The sweeping changes driven by cloud and the Internet of Everything (IoE) are upending traditional models of IT consumption in dramatic ways.

In order to shed new light on these trends and their impact on IT, Cisco® Consulting Services (CCS), in partnership with Intel®, conducted a wide-ranging study. We explored the powerful changes affecting IT consumption at all stages — how businesses plan, procure, deploy, operate, and govern IT services. We also focused on the ways in which lines of business (LOB) — human resources, sales, and other areas that are end users of IT — are altering overall IT consumption.

Some of our most striking findings related to the differences in perception between developed and emerging markets. The “Impact of Cloud on IT Consumption Models” study surveyed 4,226 IT leaders in 18 industries across nine key economies during March and April 2013. For our purposes, “emerging markets” included Brazil, China, India, Mexico, and Russia,; developed markets were represented by Canada, Germany, United Kingdom, and the United States.

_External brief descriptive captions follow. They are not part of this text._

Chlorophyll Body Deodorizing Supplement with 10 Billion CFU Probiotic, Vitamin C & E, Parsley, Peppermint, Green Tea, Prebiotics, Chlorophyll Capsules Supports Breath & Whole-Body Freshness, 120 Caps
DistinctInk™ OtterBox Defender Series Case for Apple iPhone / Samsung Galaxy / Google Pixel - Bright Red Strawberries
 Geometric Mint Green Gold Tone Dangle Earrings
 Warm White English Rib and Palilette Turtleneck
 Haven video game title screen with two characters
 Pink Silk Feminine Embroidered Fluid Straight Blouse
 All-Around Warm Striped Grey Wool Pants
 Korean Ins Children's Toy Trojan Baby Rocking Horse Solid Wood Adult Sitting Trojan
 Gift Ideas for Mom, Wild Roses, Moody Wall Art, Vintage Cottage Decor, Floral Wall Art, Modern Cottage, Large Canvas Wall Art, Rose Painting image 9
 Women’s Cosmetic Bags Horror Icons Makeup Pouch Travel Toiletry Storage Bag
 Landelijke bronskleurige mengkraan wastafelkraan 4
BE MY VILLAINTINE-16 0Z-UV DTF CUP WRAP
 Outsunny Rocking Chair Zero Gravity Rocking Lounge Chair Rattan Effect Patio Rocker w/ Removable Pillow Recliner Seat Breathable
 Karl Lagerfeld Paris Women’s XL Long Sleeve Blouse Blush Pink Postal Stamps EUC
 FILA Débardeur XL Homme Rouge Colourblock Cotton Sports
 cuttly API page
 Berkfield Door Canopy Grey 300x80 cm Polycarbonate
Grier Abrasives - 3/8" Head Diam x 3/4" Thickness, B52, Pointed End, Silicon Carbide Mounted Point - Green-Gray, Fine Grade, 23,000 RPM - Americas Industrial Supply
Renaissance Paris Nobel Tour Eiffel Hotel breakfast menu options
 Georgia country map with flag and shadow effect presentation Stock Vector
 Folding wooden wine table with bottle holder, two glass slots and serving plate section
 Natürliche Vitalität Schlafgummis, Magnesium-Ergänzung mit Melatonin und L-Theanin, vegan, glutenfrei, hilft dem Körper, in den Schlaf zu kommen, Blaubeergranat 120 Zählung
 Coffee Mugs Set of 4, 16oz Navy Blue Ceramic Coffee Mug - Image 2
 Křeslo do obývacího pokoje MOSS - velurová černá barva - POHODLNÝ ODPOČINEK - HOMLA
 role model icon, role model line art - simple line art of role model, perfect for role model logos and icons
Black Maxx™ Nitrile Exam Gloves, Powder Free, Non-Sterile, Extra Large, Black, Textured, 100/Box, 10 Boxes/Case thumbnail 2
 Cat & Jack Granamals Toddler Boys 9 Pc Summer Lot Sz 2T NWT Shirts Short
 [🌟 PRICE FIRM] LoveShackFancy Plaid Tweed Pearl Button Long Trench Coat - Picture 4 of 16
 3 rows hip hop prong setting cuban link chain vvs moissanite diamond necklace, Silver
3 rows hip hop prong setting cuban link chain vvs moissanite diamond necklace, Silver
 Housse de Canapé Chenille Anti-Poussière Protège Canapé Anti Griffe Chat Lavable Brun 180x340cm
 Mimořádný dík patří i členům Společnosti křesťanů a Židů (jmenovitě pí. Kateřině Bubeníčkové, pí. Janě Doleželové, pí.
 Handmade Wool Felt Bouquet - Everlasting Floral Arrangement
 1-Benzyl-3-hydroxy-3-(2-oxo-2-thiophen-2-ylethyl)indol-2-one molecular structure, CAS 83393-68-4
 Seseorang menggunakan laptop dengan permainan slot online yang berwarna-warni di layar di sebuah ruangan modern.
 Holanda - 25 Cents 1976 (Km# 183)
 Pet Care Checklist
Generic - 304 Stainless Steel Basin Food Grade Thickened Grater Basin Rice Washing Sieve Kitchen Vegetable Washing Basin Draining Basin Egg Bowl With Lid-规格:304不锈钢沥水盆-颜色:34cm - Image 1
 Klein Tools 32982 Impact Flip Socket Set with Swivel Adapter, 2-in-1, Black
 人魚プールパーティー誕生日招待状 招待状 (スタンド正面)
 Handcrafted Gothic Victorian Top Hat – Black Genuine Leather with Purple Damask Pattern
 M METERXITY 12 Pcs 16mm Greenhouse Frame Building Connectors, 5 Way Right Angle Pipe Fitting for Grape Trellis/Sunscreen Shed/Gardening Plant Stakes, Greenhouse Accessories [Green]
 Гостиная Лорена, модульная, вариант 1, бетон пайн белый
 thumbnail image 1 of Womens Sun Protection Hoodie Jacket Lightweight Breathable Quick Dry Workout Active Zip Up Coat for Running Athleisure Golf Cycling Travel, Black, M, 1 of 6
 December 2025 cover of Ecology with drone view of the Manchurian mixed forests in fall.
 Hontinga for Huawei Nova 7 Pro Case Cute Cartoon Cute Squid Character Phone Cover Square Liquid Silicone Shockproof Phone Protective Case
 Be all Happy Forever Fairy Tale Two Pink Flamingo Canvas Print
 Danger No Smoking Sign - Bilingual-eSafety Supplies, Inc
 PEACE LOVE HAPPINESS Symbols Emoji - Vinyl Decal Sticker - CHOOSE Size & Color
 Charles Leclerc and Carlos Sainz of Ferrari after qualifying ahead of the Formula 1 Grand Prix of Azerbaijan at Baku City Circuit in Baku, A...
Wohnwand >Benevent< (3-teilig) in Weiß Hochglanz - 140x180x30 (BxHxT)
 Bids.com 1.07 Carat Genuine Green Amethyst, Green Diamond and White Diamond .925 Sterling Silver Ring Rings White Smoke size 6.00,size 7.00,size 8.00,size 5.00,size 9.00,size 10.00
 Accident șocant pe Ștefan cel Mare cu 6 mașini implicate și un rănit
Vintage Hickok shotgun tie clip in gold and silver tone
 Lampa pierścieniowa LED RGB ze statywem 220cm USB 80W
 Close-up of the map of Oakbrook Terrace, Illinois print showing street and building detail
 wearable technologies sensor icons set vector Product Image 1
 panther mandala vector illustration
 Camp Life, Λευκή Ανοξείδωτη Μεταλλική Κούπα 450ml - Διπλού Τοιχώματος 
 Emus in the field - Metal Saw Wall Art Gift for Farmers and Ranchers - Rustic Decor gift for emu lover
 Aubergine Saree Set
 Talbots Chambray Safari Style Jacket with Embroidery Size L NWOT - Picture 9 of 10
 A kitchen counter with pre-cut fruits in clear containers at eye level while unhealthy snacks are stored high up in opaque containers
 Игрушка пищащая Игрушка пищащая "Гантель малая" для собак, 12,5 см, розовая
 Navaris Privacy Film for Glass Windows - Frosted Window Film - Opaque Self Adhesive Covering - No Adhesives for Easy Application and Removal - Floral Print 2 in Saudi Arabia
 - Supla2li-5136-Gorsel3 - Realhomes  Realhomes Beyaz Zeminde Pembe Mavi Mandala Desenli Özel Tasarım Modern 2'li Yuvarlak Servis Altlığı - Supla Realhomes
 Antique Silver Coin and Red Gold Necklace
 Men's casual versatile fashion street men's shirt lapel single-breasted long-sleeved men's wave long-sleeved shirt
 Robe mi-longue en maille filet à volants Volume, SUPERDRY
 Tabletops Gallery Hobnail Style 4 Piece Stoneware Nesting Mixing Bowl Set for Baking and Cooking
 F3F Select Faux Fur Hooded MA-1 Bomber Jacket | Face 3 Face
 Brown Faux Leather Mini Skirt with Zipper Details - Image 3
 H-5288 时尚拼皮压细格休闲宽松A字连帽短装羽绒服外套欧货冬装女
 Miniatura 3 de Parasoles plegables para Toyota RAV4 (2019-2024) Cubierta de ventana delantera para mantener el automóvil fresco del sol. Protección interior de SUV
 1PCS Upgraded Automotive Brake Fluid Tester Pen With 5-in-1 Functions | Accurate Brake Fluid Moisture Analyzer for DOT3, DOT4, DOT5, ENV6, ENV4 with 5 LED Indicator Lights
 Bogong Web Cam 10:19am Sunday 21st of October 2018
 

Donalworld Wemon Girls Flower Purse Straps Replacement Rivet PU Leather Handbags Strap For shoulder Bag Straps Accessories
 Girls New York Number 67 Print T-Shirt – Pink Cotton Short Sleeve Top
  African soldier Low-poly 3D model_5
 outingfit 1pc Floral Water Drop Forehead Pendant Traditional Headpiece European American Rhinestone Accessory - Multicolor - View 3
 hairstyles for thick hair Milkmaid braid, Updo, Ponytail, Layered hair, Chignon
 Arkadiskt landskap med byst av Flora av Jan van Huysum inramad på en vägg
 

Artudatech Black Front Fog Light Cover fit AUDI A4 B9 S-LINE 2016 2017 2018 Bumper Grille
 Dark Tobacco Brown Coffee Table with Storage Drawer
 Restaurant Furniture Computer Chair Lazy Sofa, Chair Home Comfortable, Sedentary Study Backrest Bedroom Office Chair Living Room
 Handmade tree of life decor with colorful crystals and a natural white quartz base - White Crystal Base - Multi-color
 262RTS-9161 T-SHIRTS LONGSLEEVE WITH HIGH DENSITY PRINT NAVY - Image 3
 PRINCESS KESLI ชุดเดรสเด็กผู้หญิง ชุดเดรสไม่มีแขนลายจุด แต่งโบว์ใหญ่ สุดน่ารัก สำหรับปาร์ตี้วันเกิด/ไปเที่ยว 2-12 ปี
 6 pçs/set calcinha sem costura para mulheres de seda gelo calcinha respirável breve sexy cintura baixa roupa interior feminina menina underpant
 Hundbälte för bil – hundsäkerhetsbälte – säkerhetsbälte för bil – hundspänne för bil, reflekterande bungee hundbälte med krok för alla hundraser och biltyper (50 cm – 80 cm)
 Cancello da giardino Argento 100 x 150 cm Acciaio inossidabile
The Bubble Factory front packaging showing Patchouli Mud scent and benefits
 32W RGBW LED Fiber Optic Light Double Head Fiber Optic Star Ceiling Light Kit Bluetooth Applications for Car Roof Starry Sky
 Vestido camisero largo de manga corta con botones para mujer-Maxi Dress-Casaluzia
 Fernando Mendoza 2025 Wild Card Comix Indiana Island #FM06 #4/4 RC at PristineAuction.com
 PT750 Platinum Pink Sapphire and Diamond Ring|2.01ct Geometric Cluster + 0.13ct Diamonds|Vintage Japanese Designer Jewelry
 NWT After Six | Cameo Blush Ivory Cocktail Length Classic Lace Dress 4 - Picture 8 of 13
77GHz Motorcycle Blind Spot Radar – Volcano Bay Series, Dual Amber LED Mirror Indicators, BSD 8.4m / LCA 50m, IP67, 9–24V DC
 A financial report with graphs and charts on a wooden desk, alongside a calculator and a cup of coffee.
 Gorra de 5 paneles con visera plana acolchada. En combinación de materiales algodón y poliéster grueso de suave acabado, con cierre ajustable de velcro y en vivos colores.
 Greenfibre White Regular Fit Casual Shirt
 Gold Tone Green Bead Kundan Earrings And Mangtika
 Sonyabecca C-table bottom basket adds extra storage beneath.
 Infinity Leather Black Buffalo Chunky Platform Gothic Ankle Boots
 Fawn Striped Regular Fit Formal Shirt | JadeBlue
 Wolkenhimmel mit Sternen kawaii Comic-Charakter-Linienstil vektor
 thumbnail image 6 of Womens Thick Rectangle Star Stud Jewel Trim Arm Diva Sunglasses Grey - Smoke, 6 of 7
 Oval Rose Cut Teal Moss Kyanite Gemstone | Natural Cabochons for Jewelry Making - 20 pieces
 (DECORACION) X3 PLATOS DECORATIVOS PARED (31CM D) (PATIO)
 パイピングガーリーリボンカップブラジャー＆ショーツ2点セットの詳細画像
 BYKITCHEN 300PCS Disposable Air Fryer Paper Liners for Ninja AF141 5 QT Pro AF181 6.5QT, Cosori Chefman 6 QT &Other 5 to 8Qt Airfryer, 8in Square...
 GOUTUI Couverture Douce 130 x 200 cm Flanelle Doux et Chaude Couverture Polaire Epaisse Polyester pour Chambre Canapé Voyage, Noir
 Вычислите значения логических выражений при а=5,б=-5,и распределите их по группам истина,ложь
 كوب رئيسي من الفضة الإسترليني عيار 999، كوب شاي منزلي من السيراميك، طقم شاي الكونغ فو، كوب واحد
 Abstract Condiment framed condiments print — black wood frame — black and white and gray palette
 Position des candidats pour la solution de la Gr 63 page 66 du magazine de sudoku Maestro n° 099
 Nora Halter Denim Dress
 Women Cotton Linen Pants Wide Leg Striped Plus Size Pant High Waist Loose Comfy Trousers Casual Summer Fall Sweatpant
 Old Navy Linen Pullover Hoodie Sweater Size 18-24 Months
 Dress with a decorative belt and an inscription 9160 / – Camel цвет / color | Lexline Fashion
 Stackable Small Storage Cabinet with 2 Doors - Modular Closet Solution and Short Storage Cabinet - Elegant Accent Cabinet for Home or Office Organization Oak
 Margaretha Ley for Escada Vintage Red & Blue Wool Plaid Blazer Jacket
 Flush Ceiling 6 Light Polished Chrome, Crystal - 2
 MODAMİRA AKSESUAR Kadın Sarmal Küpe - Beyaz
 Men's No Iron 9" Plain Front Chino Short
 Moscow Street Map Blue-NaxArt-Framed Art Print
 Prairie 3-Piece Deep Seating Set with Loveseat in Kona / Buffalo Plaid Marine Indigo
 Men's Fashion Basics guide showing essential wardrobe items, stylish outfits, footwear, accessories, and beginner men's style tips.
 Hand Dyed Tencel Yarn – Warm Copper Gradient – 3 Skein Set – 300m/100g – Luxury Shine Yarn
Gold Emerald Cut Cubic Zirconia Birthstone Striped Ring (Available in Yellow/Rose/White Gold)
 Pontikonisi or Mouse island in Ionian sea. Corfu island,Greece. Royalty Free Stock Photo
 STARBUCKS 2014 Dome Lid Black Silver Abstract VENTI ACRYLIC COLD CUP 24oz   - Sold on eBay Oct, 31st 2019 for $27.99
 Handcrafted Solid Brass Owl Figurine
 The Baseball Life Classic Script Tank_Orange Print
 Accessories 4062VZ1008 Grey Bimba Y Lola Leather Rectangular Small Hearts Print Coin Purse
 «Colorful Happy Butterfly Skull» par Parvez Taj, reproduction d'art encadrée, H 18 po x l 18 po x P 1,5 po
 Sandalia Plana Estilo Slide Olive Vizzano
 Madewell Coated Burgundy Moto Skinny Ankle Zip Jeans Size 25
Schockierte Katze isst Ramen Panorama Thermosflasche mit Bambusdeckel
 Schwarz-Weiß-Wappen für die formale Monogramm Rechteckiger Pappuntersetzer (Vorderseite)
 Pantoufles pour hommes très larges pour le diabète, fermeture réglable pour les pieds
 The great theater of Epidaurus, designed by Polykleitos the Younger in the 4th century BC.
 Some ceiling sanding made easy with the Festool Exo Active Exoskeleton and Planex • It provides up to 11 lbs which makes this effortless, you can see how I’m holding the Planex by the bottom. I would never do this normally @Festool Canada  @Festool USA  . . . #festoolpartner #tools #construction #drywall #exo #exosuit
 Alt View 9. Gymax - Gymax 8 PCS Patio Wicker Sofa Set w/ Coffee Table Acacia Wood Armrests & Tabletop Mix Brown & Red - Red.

In all markets, cloud is overwhelmingly seen as a good thing. Despite the challenges and added complexity that cloud brings to IT organizations,
a strong majority feels that the business upsides outweigh the negatives. For example, 83 percent of respondents believe that cloud will positively impact IT planning. In addition, 81 percent see a positive impact from cloud on “IT funding and procurement.” Similar percentages apply across all other IT consumption lifecycle stages.